Largest parallel corpora within BulNC.

Parallel corpus	Lang. code	Number of texts	Number of tokens
Bulgarian-English	BG-EN	113545	260681821
Bulgarian-Romanian	BG-RO	114440	235859637
Bulgarian-French	BG-FR	71935	231486663
Bulgarian-Greek	BG-EL	113849	229749068
Bulgarian-Portuguese	BG-PT	70697	211824204
Bulgarian-Italian	BG-IT	71195	209083677
Bulgarian-Dutch	BG-NL	70629	204309755
Bulgarian-Polish	BG-PL	78055	197762449
Bulgarian-Czech	BG-CS	72545	196769297
Bulgarian-German	BG-DE	77502	194497872
Bulgarian-Spanish	BG-ES	62879	191092782
Bulgarian-Danish	BG-DA	71316	190843358
Bulgarian-Slovak	BG-SK	71790	189752630
Bulgarian-Slovene	BG-SL	71343	188776967
Bulgarian-Hungarian	BG-HU	71618	183530929
Bulgarian-Swedish	BG-SV	70115	180752058
Bulgarian-Lithuanian	BG-LT	70858	170381570
Bulgarian-Latvian	BG-LV	70015	167600804
Bulgarian-Maltese	BG-MT	65218	163515445
Bulgarian-Estonian	BG-ET	71558	160175247
Bulgarian-Finnish	BG-FI	71247	156288741
Bulgarian-Turkish	BG-TR	36655	13297328
Bulgarian-Irish	BG-GA	2230	13287693
Bulgarian-Croatian	BG-HR	33948	11950183
Bulgarian-Albanian	BG-SQ	35787	9781443
Bulgarian-Macedonian	BG-MK	35761	9542940
Bulgarian-Bosnian	BG-BS	20736	6195646
Bulgarian-Russian	BG-RU	211	3293243
Bulgarian-Hebrew	BG-HE	446	2872765
Bulgarian-Arabic	BG-AR	370	2446857
Bulgarian-Serbian	BG-SR	865	1832323
Bulgarian-Norwegian	BG-NO	173	1588561
Bulgarian-Icelandic	BG-IS	41	762894
Bulgarian-Ukrainian	BG-UK	40	744815
Bulgarian-Catalan	BG-CA	26	640522
Bulgarian-Galician	BG-GL	25	629272
Bulgarian-Kazakh	BG-KK	29	486766
Bulgarian-Basque	BG-EU	25	461080
Bulgarian-Chinese	BG-ZH	34	229293
Bulgarian-Tajik	BG-TG	16	160123
Bulgarian-Armenian	BG-HY	16	139802
Bulgarian-Azerbaijani	BG-AZ	16	137238
Bulgarian-Mongolian	BG-MN	16	135076
Bulgarian-Kyrgyz	BG-KY	16	135031
Bulgarian-Georgian	BG-KA	16	128502
Bulgarian-Turkmen	BG-TK	15	127430
Bulgarian-Japanese	BG-JA	10	50194
Total		1,789,872	4,195,791,994

Size of the Parallel corpora in number of texts and number of words.

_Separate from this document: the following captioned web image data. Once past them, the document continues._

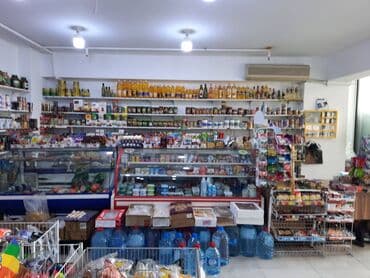 xacmaz obyekt: Nərimanov rayonu Qaraev metrosunun yaxınlığında,sahəsi 70kv/m — 2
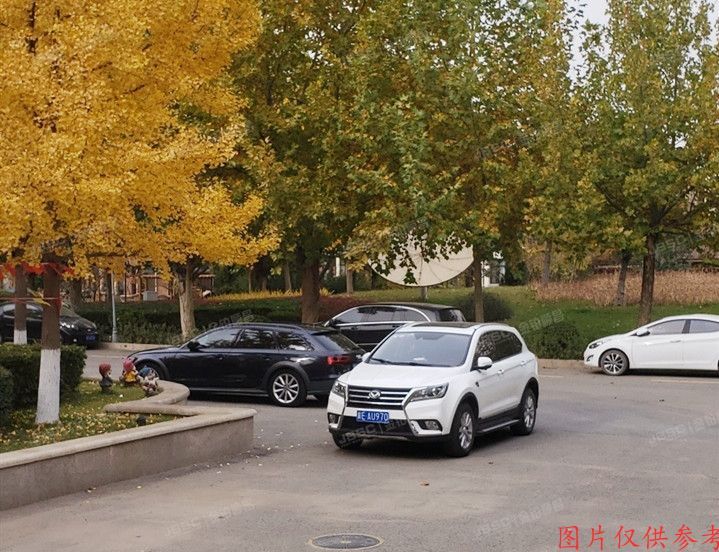 昌平区 定泗路18号院2号楼-1至3层06号（中海瓦尔登湖）别墅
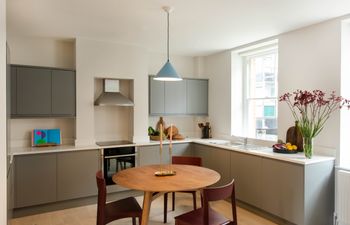 Golden Crescent Moon Apartment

Bulgarian-English parallel corpus

The largest parallel corpus within BulNC is the Bulgarian-English parallel corpus which comprises 260.7 million tokens for English and 263.1 million tokens for Bulgarian. The distribution of texts with respect to styles in the Bulgarian-English parallel corpus is shown on the diagram below.

Distribution of texts with respect to styles in the Bulgarian-English parallel corpus.

The Bulgarian-English parallel corpus has been used for various research tasks. The Bulgarian-English Sentence- and Clause-Aligned Corpus (BulEnAC) is an excerpt from the Bulgarian-English parallel corpus. BulENAC has been used for NLP applications for text alignment and machine translation.